____ MATERIAL SUPPLIED

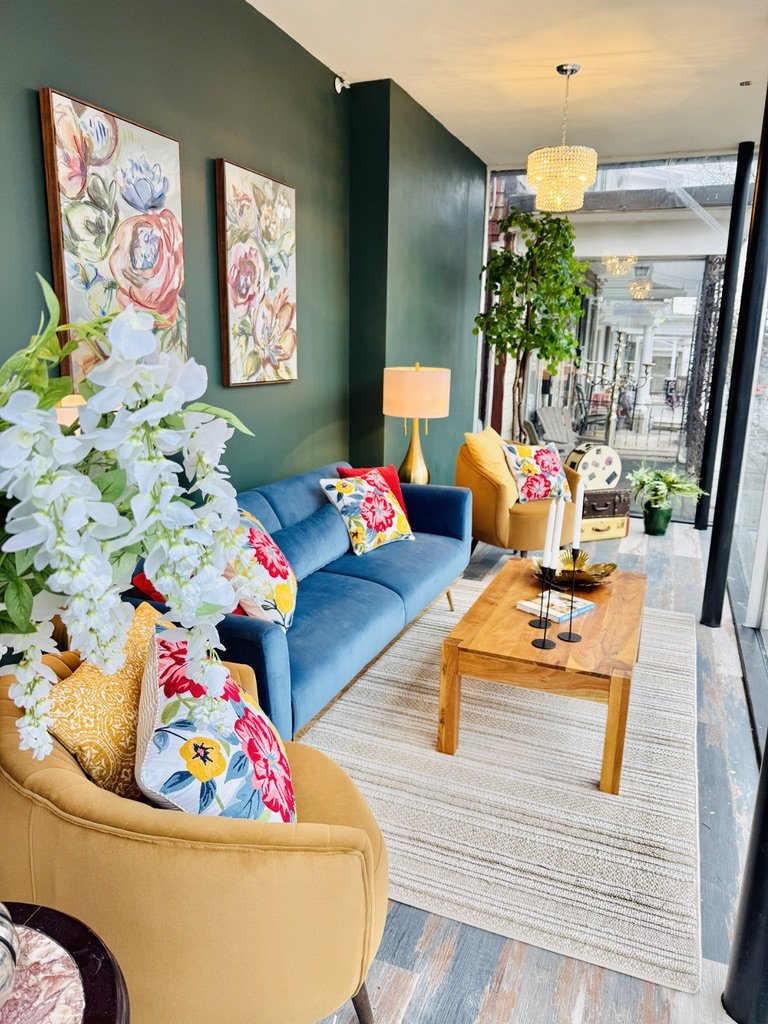 Modern living room with a blue sofa, yellow chairs, floral cushions, wooden coffee table, two floral paintings, and a tall green plant. The room features a dark green accent wall, decorative light fixtures, and a large window with a view outside.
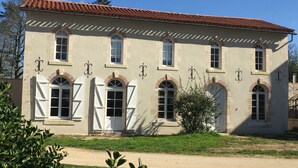 A two-story building with a symmetrical facade, arched windows, and a tiled roof. - Set of houses, with heated indoor pool, surrounded by nature (Le Tablier)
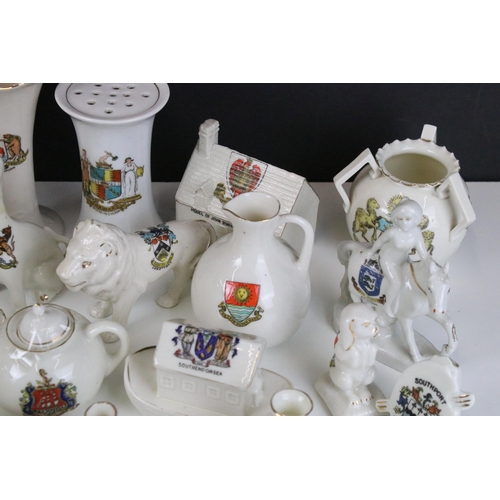 93 - A large selection of crested ware to include Exeter, Southend on Sea, Norwich and Dover examples (3 ... 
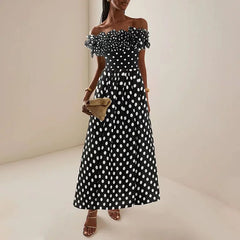 Woman wearing an off-the-shoulder ruffled polka dot swimsuit and matching maxi skirt.
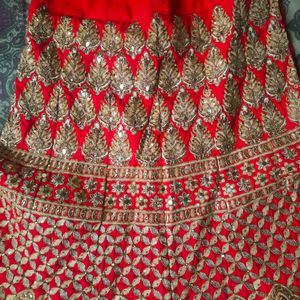 Unstiched Red And Gold Lehenga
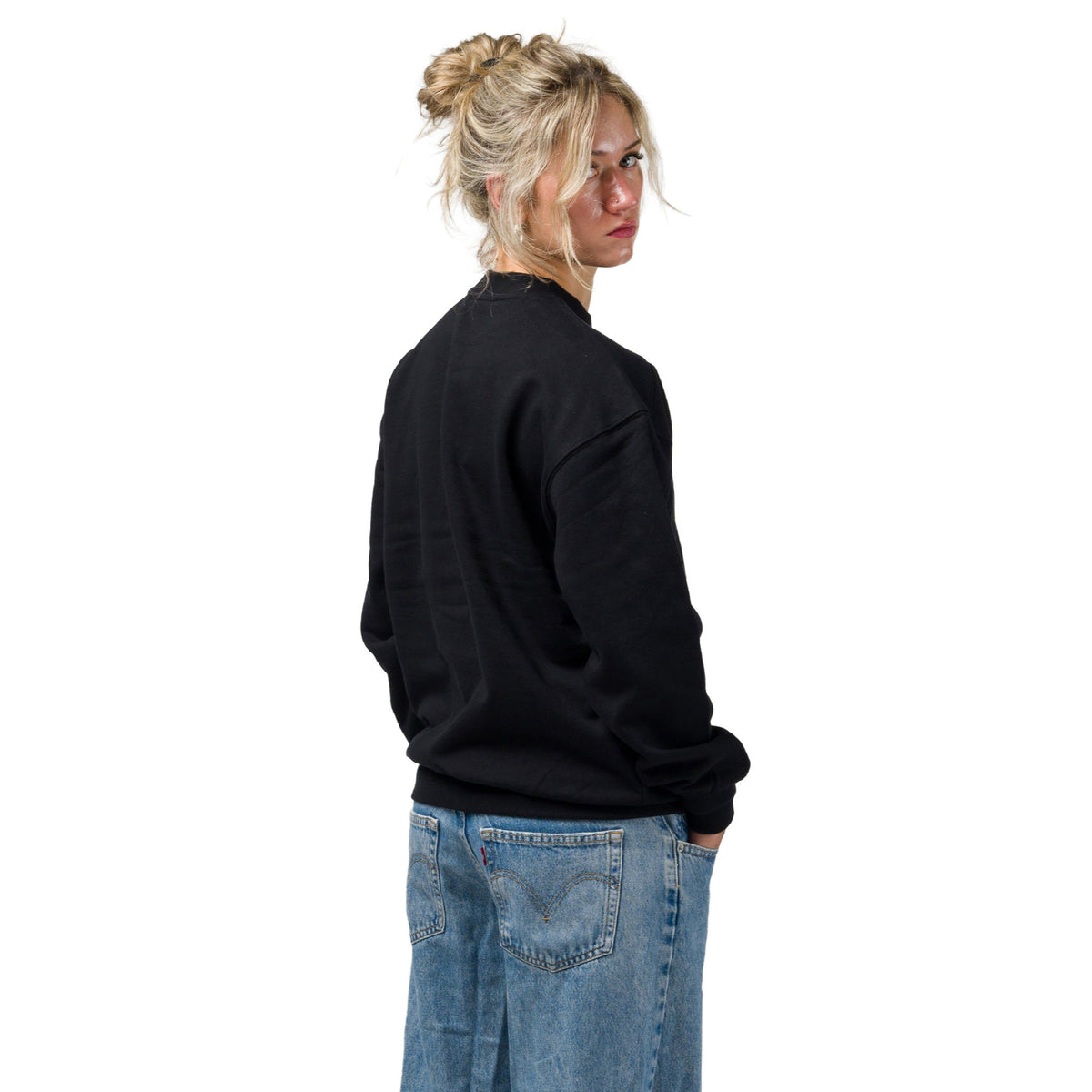 A woman with blonde hair in a bun is shown from a side back angle wearing a black crewneck souvenir sweatshirt and blue jeans against a solid white background.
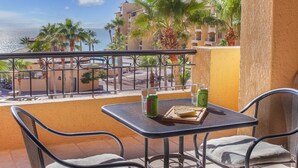 A balcony with a table and chairs, overlooking a beach and palm trees.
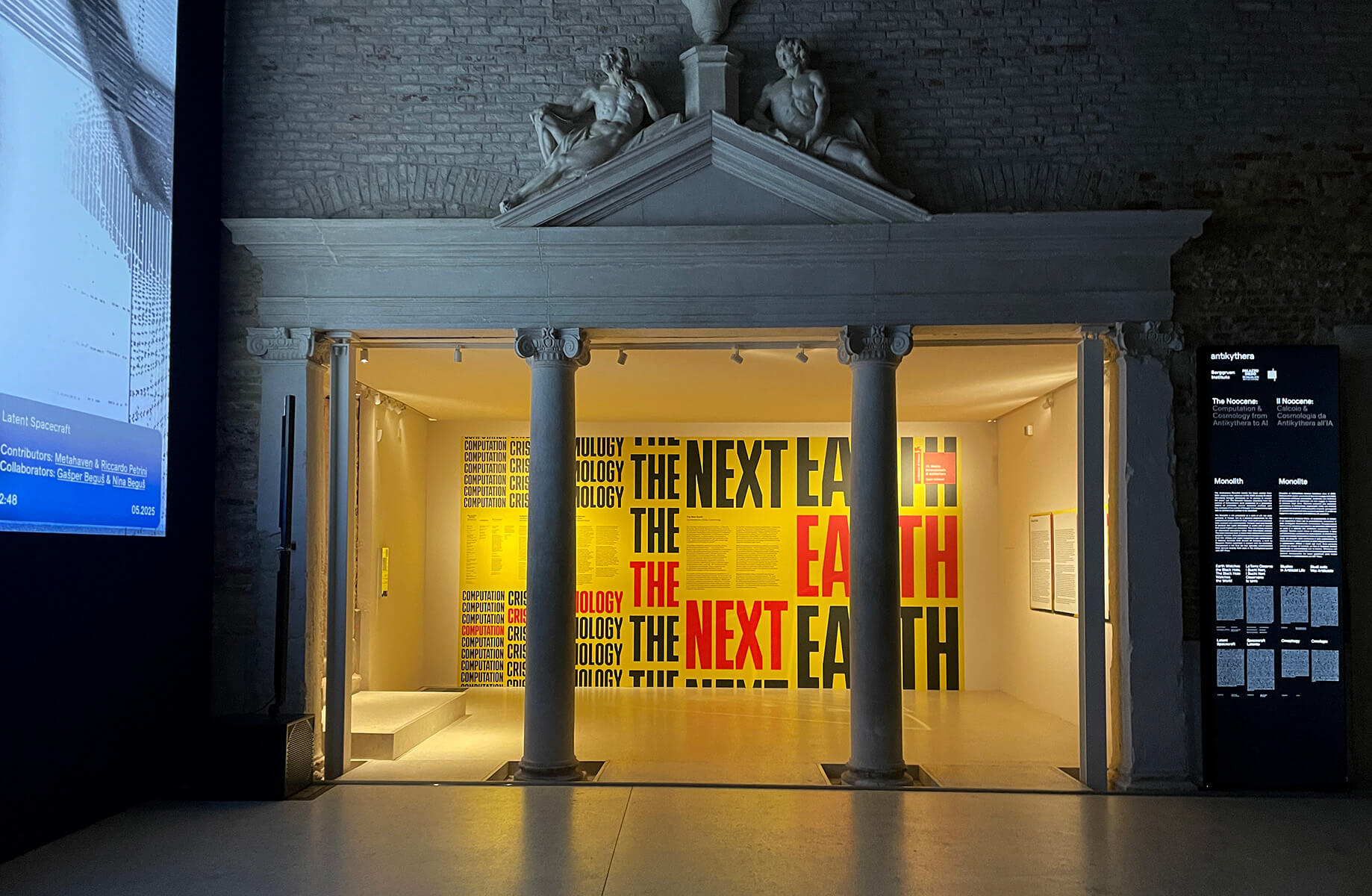Exhibition entrance with bold The Next Earth text on yellow and red background.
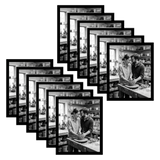 Twelve black 11x14 frames fanned, two people working at a pottery bench 
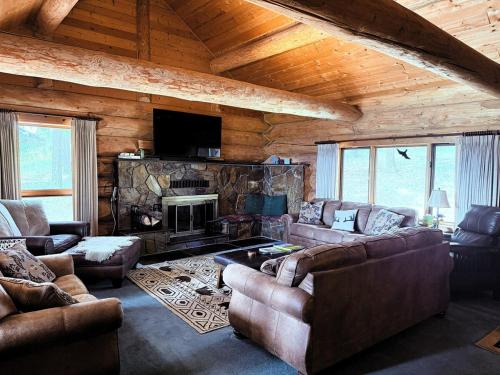 a living room with couches and a fireplace in a cabin at Living Well Lodge with Panoramic Views in Moyie Springs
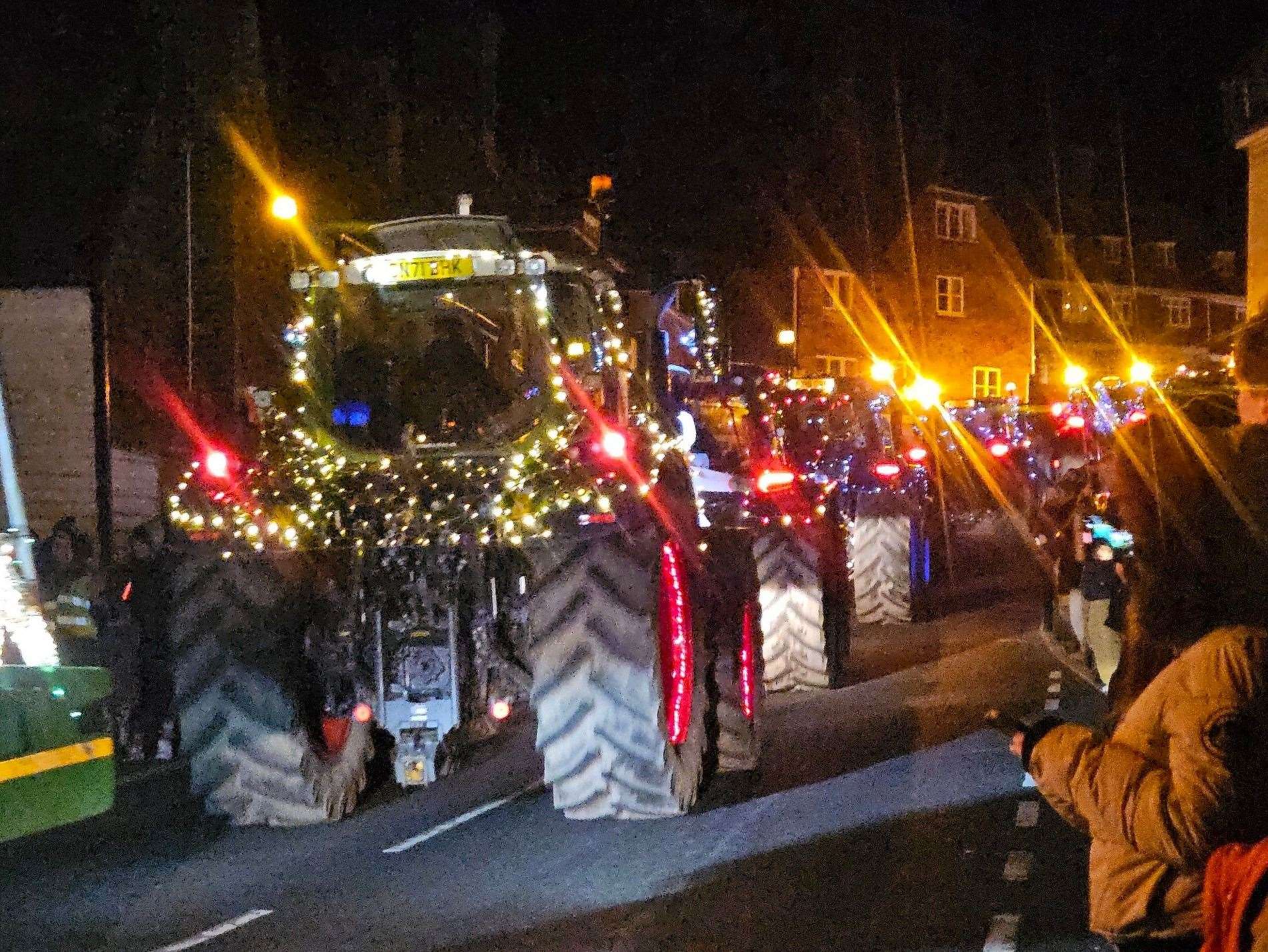 Crowds cheer on farmers in Weald Christmas tractor parade 2024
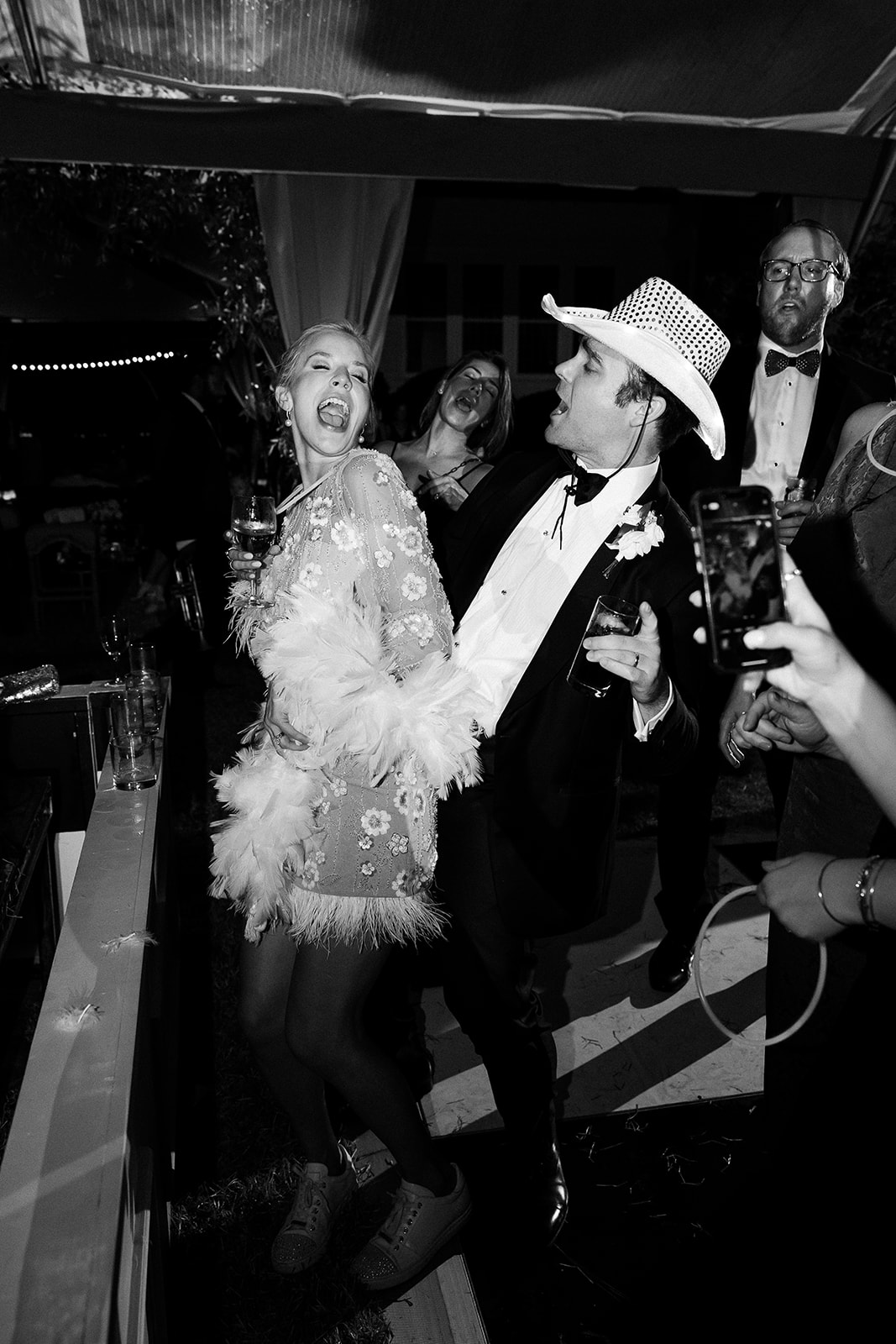 Bride in mini reception dress with sparkle and fringe dances with groom in cowboy hat at wedding reception. Classic Black Tie wedding in Georgetown, SC. Sarah Bradshaw Photography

________

> [EXERCISE DETAILS]:
What the answer needs is every line from the one with "Woman wearing an" through the last line of the data, reproduced word for word and with pictures omitted.

> [SOLUTION TO THIS PROBLEM]:
 Woman wearing an off-the-shoulder ruffled polka dot swimsuit and matching maxi skirt.
 Unstiched Red And Gold Lehenga
 A woman with blonde hair in a bun is shown from a side back angle wearing a black crewneck souvenir sweatshirt and blue jeans against a solid white background.
 A balcony with a table and chairs, overlooking a beach and palm trees.
Exhibition entrance with bold The Next Earth text on yellow and red background.
 Twelve black 11x14 frames fanned, two people working at a pottery bench 
 a living room with couches and a fireplace in a cabin at Living Well Lodge with Panoramic Views in Moyie Springs
 Crowds cheer on farmers in Weald Christmas tractor parade 2024
 Bride in mini reception dress with sparkle and fringe dances with groom in cowboy hat at wedding reception. Classic Black Tie wedding in Georgetown, SC. Sarah Bradshaw Photography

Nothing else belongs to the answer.